| What you have to do |
Word for word, copy out the records given below.

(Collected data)
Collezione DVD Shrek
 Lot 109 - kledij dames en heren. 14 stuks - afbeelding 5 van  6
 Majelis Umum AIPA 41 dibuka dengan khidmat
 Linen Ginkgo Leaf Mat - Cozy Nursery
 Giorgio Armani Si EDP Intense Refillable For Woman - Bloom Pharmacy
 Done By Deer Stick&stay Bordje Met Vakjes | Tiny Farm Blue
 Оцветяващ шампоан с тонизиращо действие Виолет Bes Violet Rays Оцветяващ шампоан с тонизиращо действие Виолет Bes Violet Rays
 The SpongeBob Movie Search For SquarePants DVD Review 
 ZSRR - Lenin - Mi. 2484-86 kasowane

| Solution for this exercise |
Collezione DVD Shrek
 Lot 109 - kledij dames en heren. 14 stuks - afbeelding 5 van  6
 Majelis Umum AIPA 41 dibuka dengan khidmat
 Linen Ginkgo Leaf Mat - Cozy Nursery
 Giorgio Armani Si EDP Intense Refillable For Woman - Bloom Pharmacy
 Done By Deer Stick&stay Bordje Met Vakjes | Tiny Farm Blue
 Оцветяващ шампоан с тонизиращо действие Виолет Bes Violet Rays Оцветяващ шампоан с тонизиращо действие Виолет Bes Violet Rays
 The SpongeBob Movie Search For SquarePants DVD Review 
 ZSRR - Lenin - Mi. 2484-86 kasowane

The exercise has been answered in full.